What this task involves:
Using the records below, copy exactly the part that opens with the line holding "Master bedroom with" and closes with the line holding "Assorted freshly colored beans in pods", minus the pictures.

[Dataset records Boundary: Start]

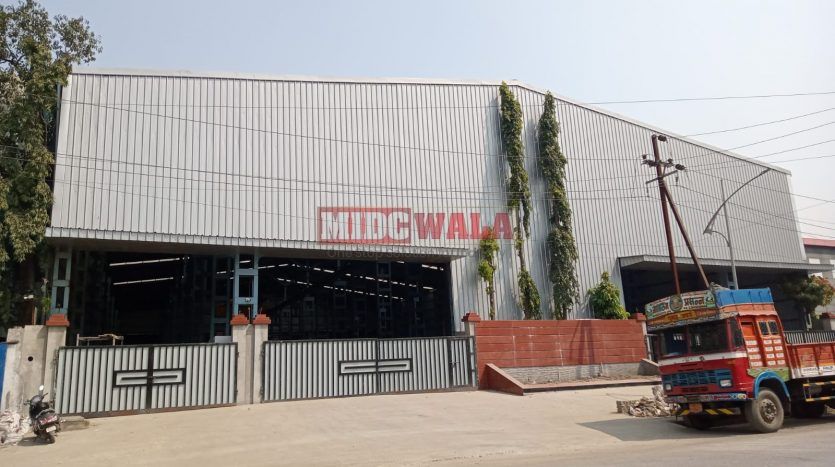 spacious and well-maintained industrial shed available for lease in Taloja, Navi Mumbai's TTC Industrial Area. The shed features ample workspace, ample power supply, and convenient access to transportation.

[Dataset records Boundary: End]
[Dataset records Boundary: Start]

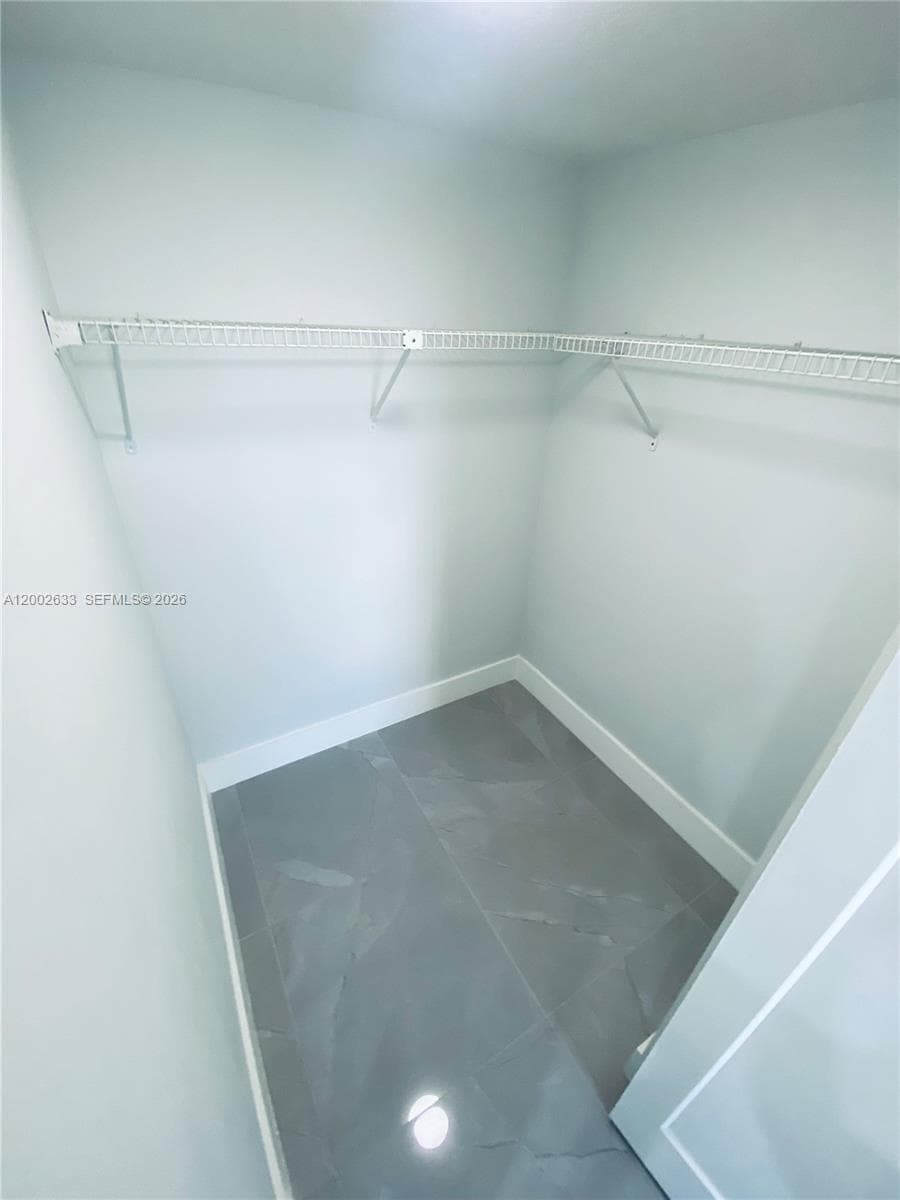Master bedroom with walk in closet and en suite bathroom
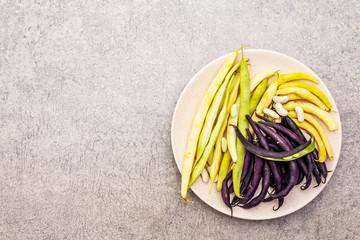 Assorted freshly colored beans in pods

[Dataset records Boundary: End]

Task response:
Master bedroom with walk in closet and en suite bathroom
 Assorted freshly colored beans in pods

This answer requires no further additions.